▶ _DATASET EXTRACT_

_ _ _ _ _

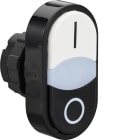 BENEDIKT & JÄGER - Kaksoispainike - valkoinen I/musta 0 valk. merk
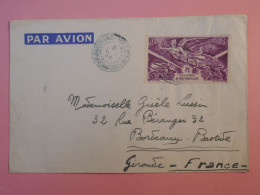 BZ16 AOF COTE D IVOIRE BELLE   LETTRE   1946  PETIT BUREAU ABOISSAU  A BORDEAUX FRANCE   +AFF. INTERESSANT ++ - Briefe U. Dokumente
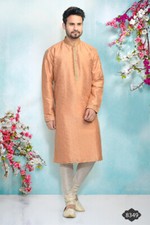 Indian Mens Designer Wedding Bollywood Party Wear Kurta Payjama Dress India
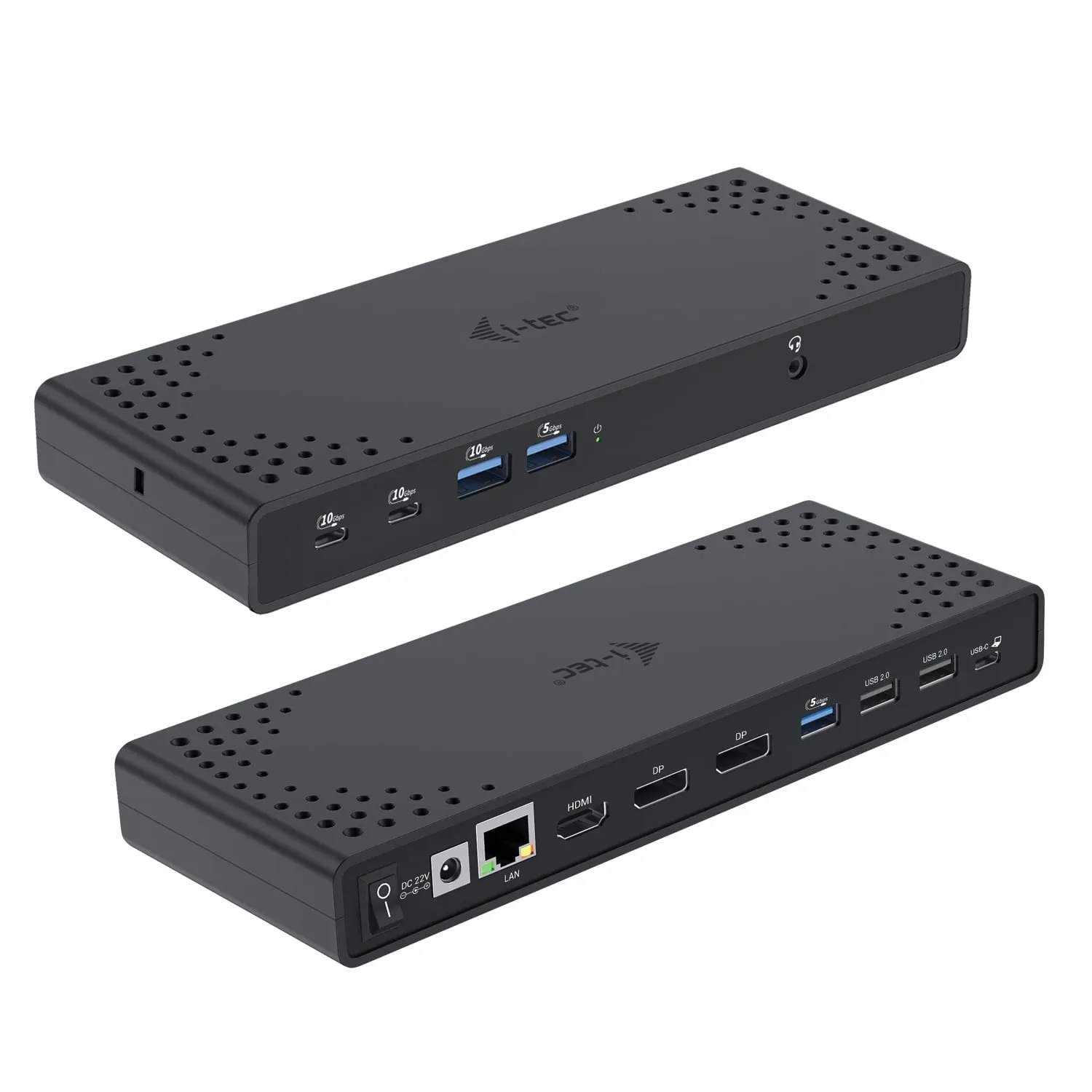 i-tec USB-C Triple Display Gen 2 Docking Station 100W 3x4K 7xUSB Ethernet Nero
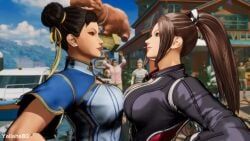 chun-li, mai_shiranui, mai_shiranui_(city_of_the_wolves), capcom, fatal_fury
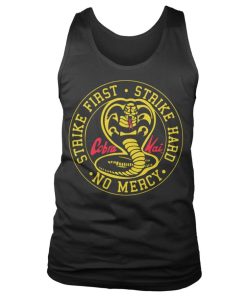 Mann Shirtstore | Cobra Kai Round Patch Tank Top Black
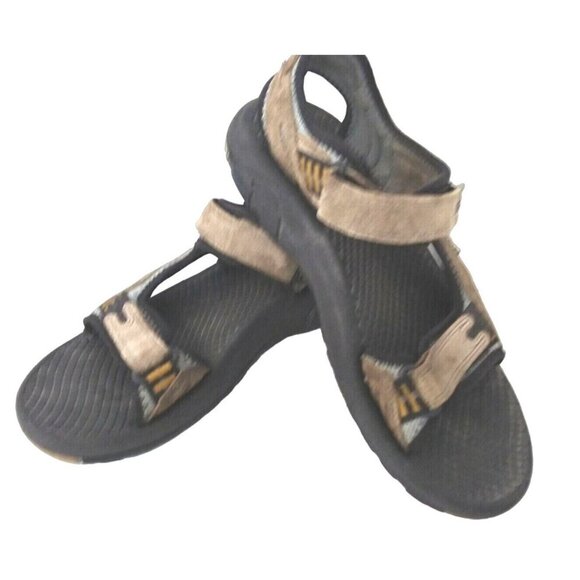 Teva XPD Sandals Mens Size 10 Brown Teal Suede Hiking Shoe Sandals SN 6674 main image 12
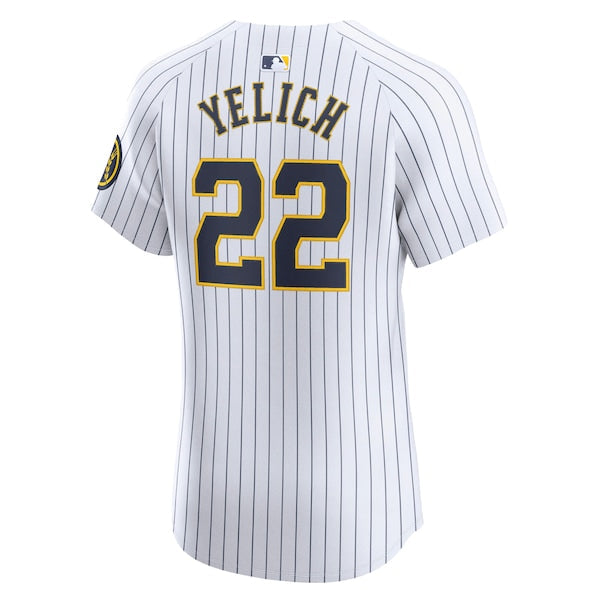 Christian Yelich Milwaukee Brewers Nike Alternate Alternate Elite Player Jersey - White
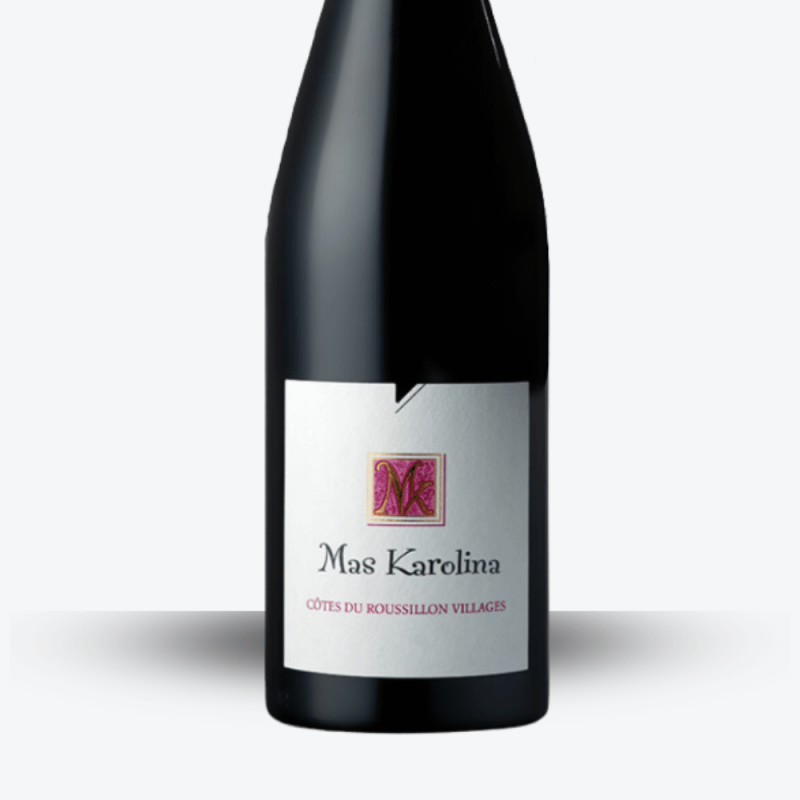 Magnum Mas Karolina Côtes du Roussillon Villages 2023 Etiquette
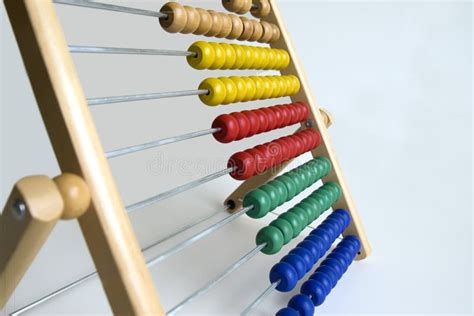 Traditional Abacus with Colorful Wooden Beads Stock Image - Image of ...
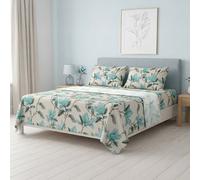 Completo Letto 100% cotone Made in Italy Zambaiti Bocciolo
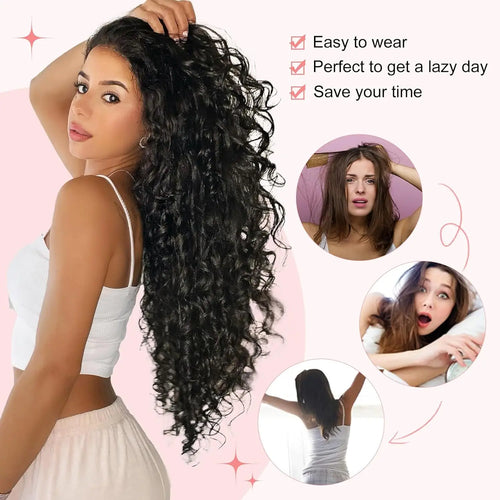  9PCS 22 Inch Curly Clip In Hair Extensions cashymart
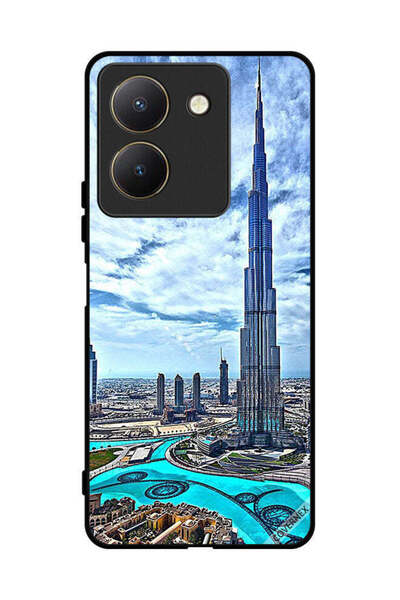 Covernex غطاء حماية لهاتف فيفو Y27s برج خليفة، غيوم تلامس السحاب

_ _ _ _ _

▶ _DIRECTIONS_
Output the entries above exactly. Do not include the pictures.

▶ _RESPONSE AREA_
 BENEDIKT & JÄGER - Kaksoispainike - valkoinen I/musta 0 valk. merk
 BZ16 AOF COTE D IVOIRE BELLE   LETTRE   1946  PETIT BUREAU ABOISSAU  A BORDEAUX FRANCE   +AFF. INTERESSANT ++ - Briefe U. Dokumente
 Indian Mens Designer Wedding Bollywood Party Wear Kurta Payjama Dress India
 i-tec USB-C Triple Display Gen 2 Docking Station 100W 3x4K 7xUSB Ethernet Nero
 chun-li, mai_shiranui, mai_shiranui_(city_of_the_wolves), capcom, fatal_fury
 Mann Shirtstore | Cobra Kai Round Patch Tank Top Black
 Teva XPD Sandals Mens Size 10 Brown Teal Suede Hiking Shoe Sandals SN 6674 main image 12
 Christian Yelich Milwaukee Brewers Nike Alternate Alternate Elite Player Jersey - White
 Magnum Mas Karolina Côtes du Roussillon Villages 2023 Etiquette
 Traditional Abacus with Colorful Wooden Beads Stock Image - Image of ...
 Completo Letto 100% cotone Made in Italy Zambaiti Bocciolo
  9PCS 22 Inch Curly Clip In Hair Extensions cashymart
 Covernex غطاء حماية لهاتف فيفو Y27s برج خليفة، غيوم تلامس السحاب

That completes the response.